• RECORDED INFORMATION
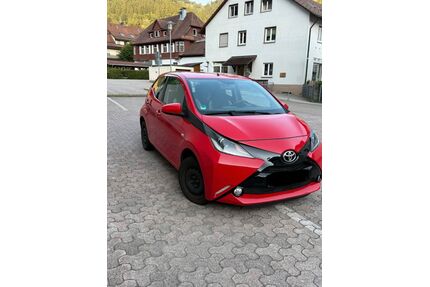 Toyota Aygo (X) Gebrauchtwagen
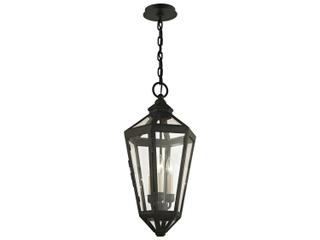 Troy Lighting Calabasas 3 - Light Outdoor Hanging Light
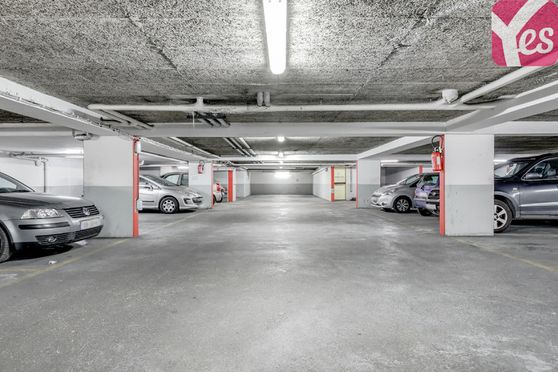 Vignette parking Hôpital Saint-Louis - Bolivar - Paris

• PROBLEM TO SOLVE
Hand back the data exactly as it appears, with all pictures cut.

• SOLUTION FOR THIS PROBLEM
 Toyota Aygo (X) Gebrauchtwagen
 Troy Lighting Calabasas 3 - Light Outdoor Hanging Light
 Vignette parking Hôpital Saint-Louis - Bolivar - Paris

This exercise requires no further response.